What you should do
Character for character, transcribe the entries below, minus the images.
══════
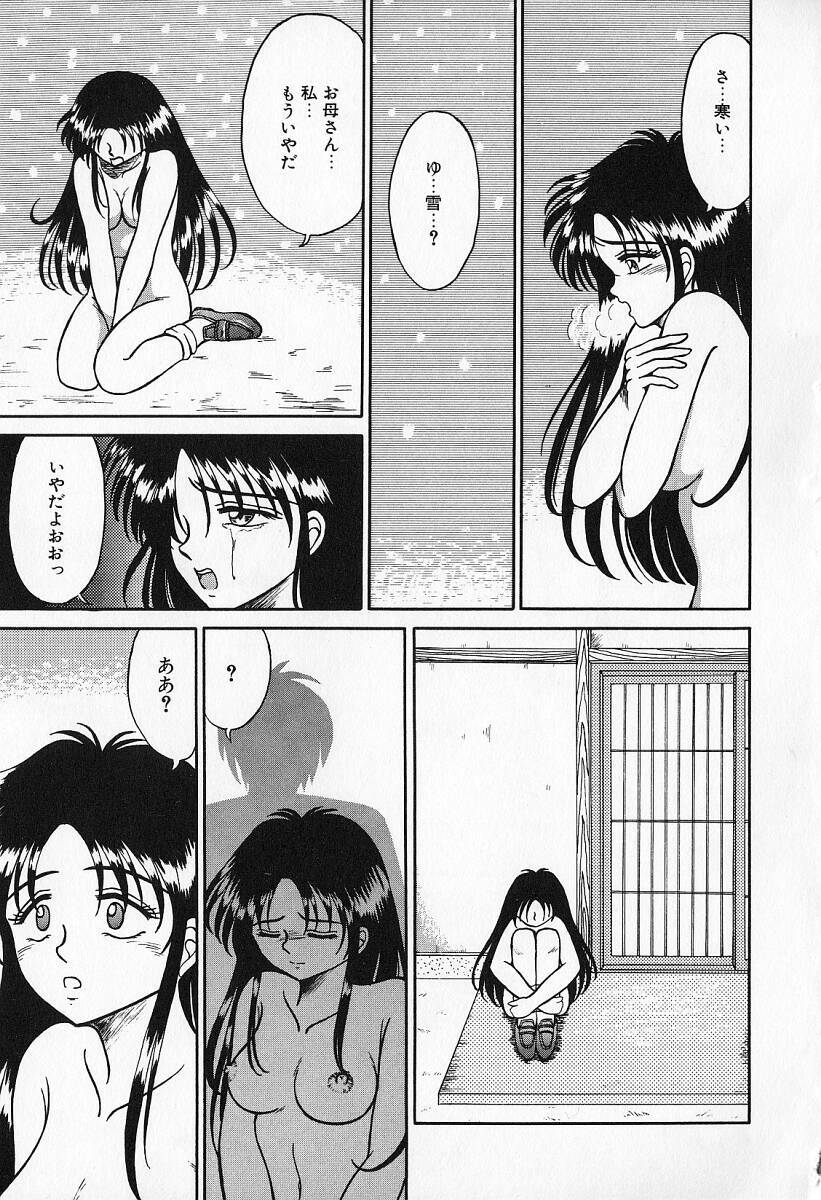 [Kesshousui] Otome no Negai page 78 full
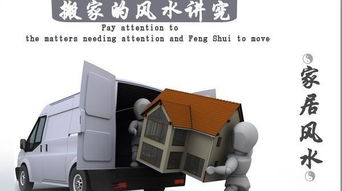 三、 气流调节与炉灶火运的实操策略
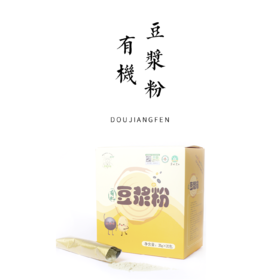 有机豆浆粉（20条装/25g/袋）【基地直发】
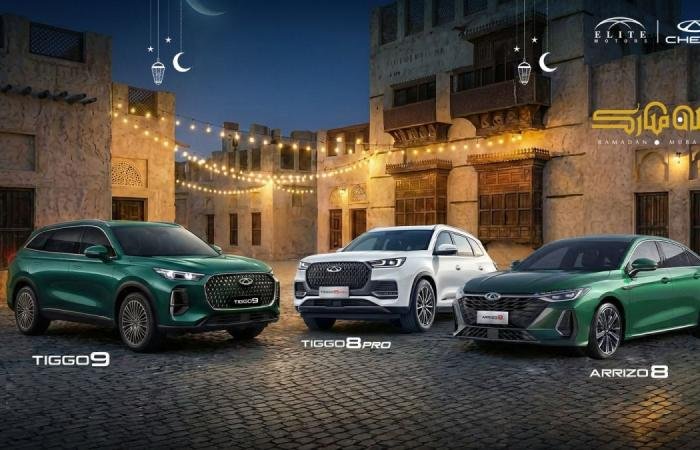 أخبار قطر | إقبال غير مسبوق على عروض سيارات شيري من "النخبة موتورز" | عيون الجزيرة قطر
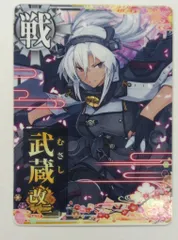 艦これアーケード 武蔵 改二 ホロ 8周年 イベント 限定 帯 Amazon.co.jp: 艦これアーケード 武蔵改二 8周年フレーム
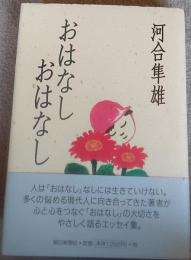 おはなしおはなし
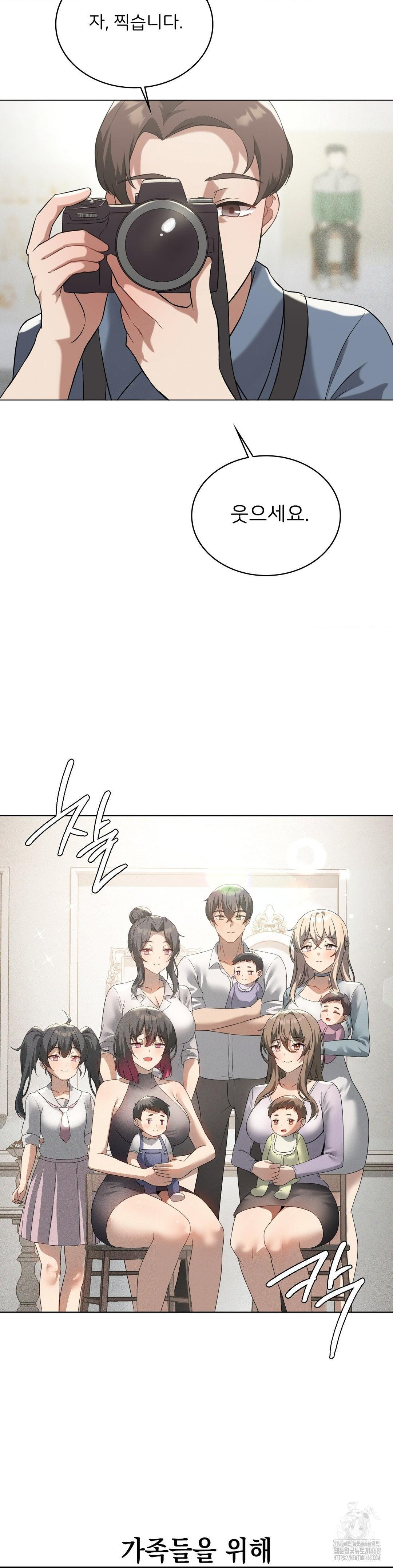 Level Up Until Satisfy Raw - Chapter 81 [photo 32] - MangaPorn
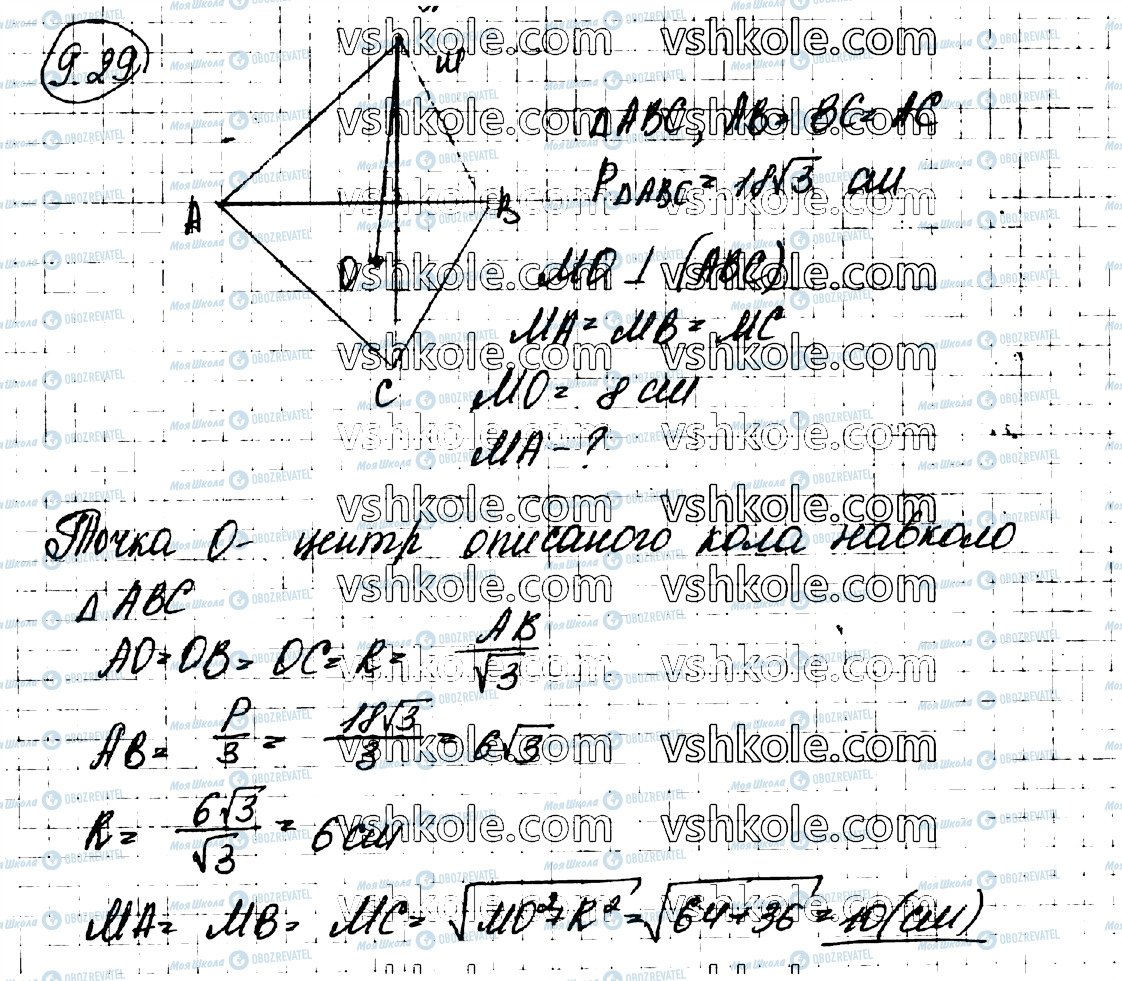 ГДЗ Геометрія 10 клас сторінка 29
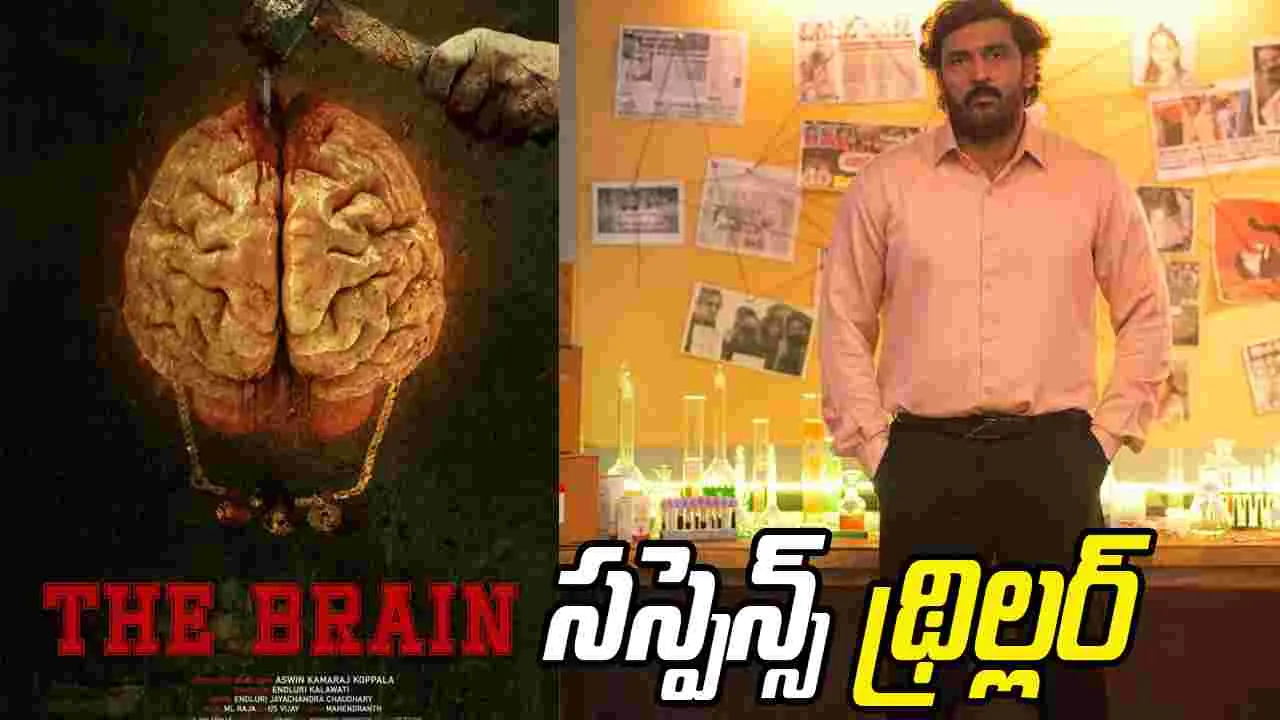 The Brain: చిత్తూరులో శరవేగంగా 'ది బ్రెయిన్' షూటింగ్ 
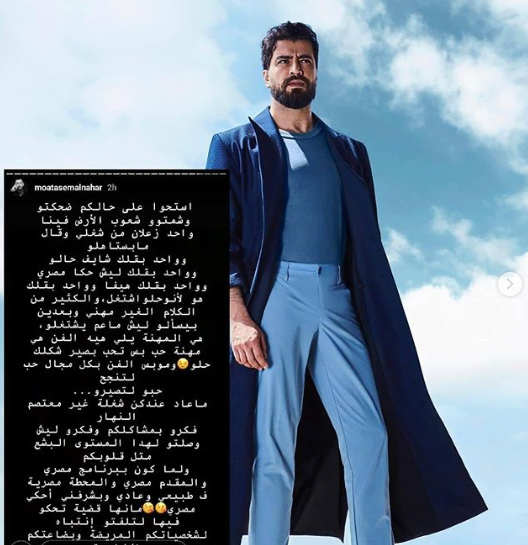 معتصم النهار يهاجم زملاءه غاضباً.. "ما بتستحوا.. شخصيات مريضة"! 1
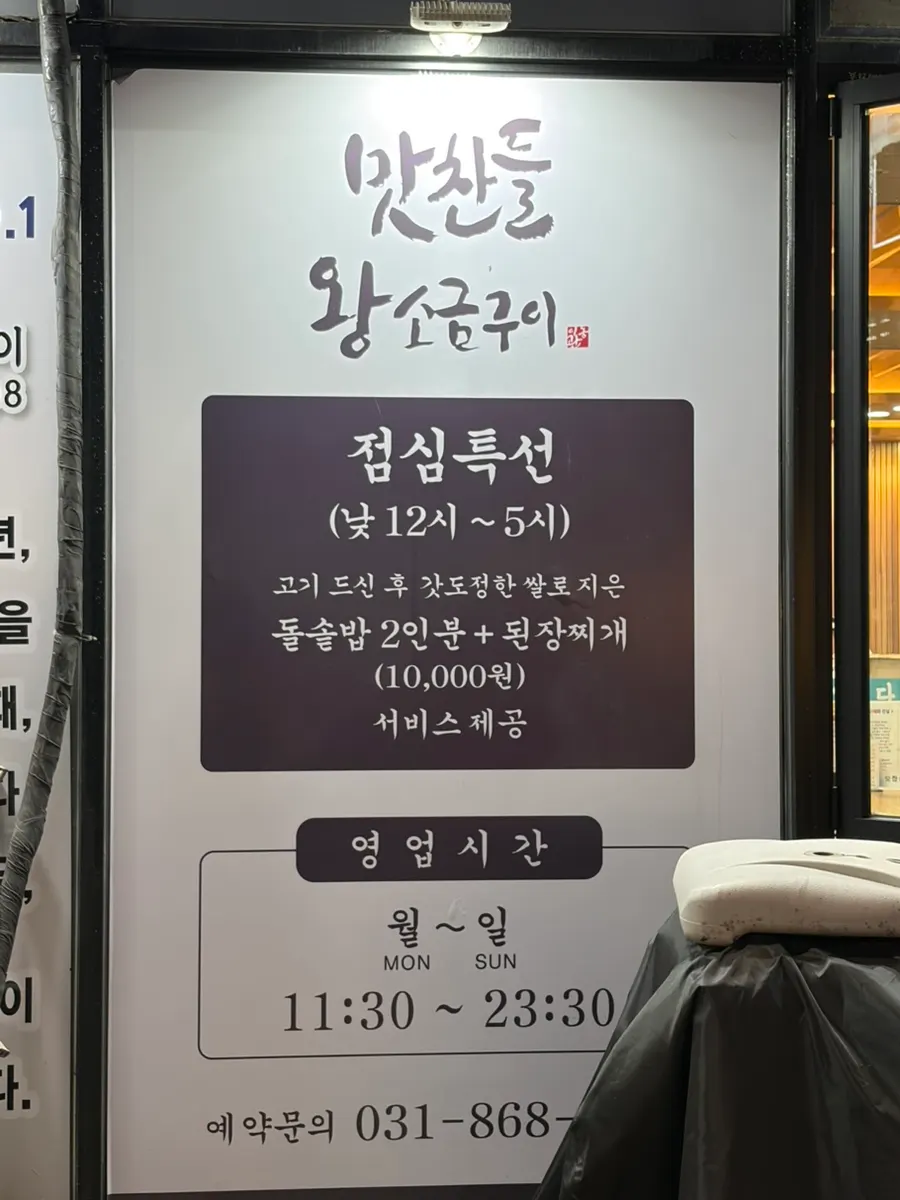 Sign showing daily hours of 11:30–23:30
══════
Exercise solution
 [Kesshousui] Otome no Negai page 78 full
 三、 气流调节与炉灶火运的实操策略
 有机豆浆粉（20条装/25g/袋）【基地直发】
 أخبار قطر | إقبال غير مسبوق على عروض سيارات شيري من "النخبة موتورز" | عيون الجزيرة قطر
 艦これアーケード 武蔵 改二 ホロ 8周年 イベント 限定 帯 Amazon.co.jp: 艦これアーケード 武蔵改二 8周年フレーム
 おはなしおはなし
 Level Up Until Satisfy Raw - Chapter 81 [photo 32] - MangaPorn
 ГДЗ Геометрія 10 клас сторінка 29
 The Brain: చిత్తూరులో శరవేగంగా 'ది బ్రెయిన్' షూటింగ్ 
 معتصم النهار يهاجم زملاءه غاضباً.. "ما بتستحوا.. شخصيات مريضة"! 1
 Sign showing daily hours of 11:30–23:30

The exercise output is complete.